## [DATASET RECORDS]

--

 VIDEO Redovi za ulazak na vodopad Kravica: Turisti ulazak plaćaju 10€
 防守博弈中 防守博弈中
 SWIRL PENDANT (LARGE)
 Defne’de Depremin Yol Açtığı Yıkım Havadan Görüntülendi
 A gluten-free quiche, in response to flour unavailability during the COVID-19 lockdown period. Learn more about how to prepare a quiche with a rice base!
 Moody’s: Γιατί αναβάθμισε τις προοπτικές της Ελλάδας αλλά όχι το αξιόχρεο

--

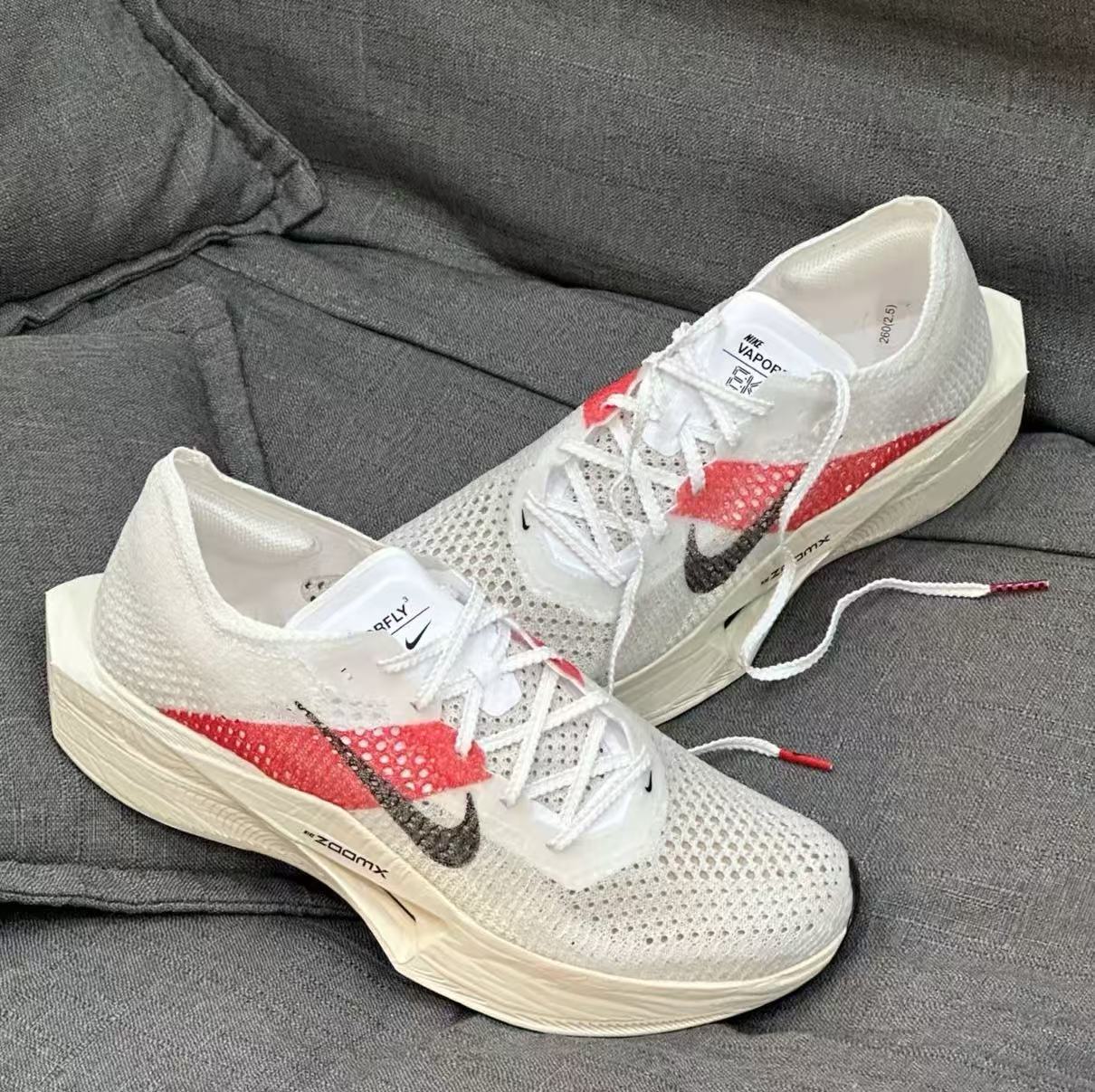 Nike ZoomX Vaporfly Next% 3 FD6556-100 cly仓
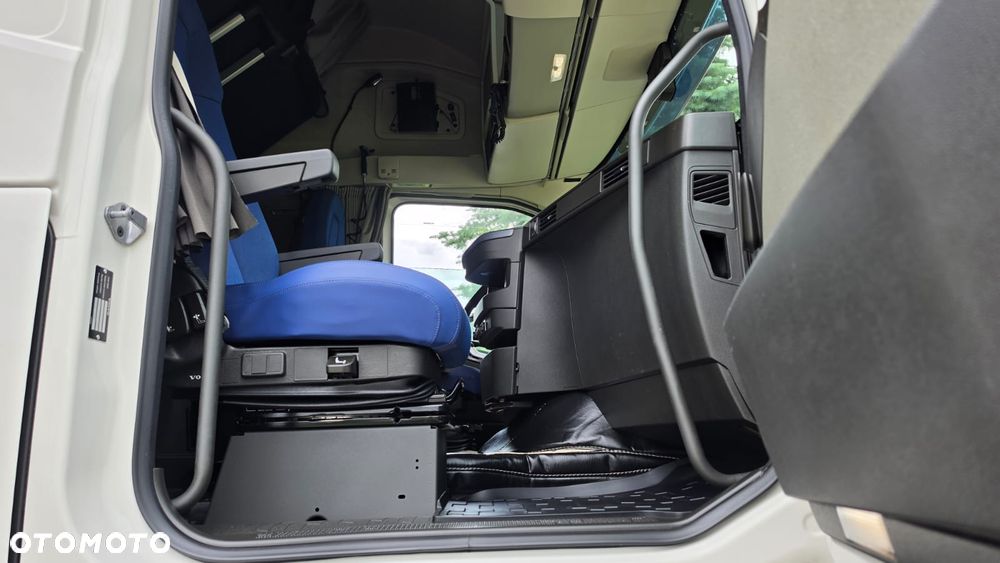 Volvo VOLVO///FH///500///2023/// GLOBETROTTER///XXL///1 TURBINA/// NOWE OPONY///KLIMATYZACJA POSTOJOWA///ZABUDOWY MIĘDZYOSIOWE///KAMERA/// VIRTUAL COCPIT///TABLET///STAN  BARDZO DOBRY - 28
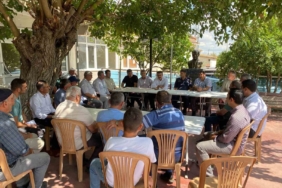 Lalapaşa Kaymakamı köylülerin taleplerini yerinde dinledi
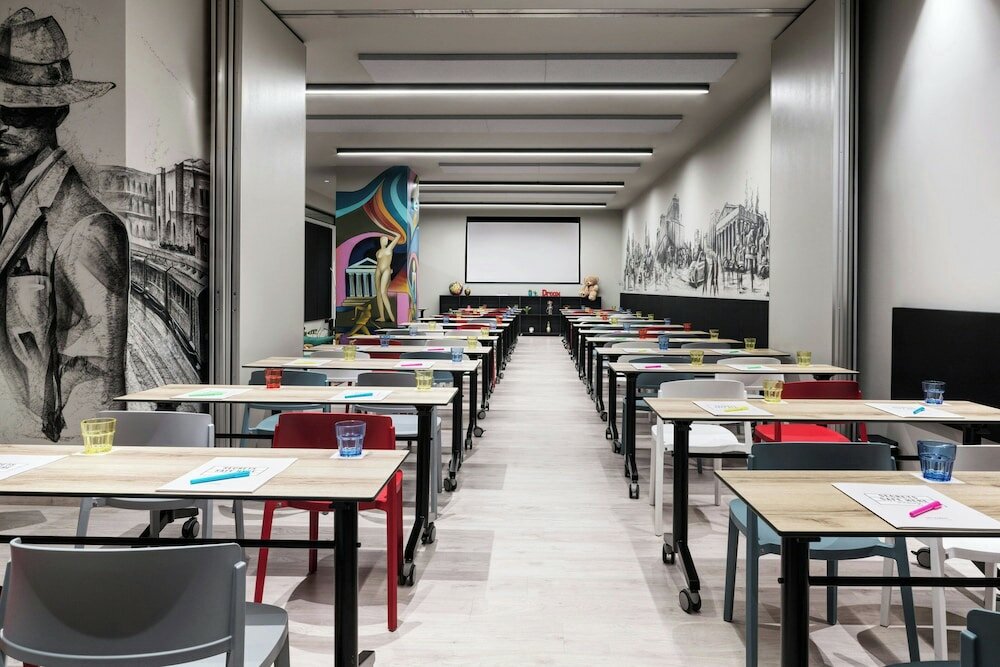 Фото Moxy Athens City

--

## [ACTIVITY]
Using the data above, repeat exactly the lines that begin at the line with "A gluten-free quiche, in" and end at the line with "Moody’s: Γιατί αναβάθμισε", both ends included.

## [RESULT FOR THIS TASK]
 A gluten-free quiche, in response to flour unavailability during the COVID-19 lockdown period. Learn more about how to prepare a quiche with a rice base!
 Moody’s: Γιατί αναβάθμισε τις προοπτικές της Ελλάδας αλλά όχι το αξιόχρεο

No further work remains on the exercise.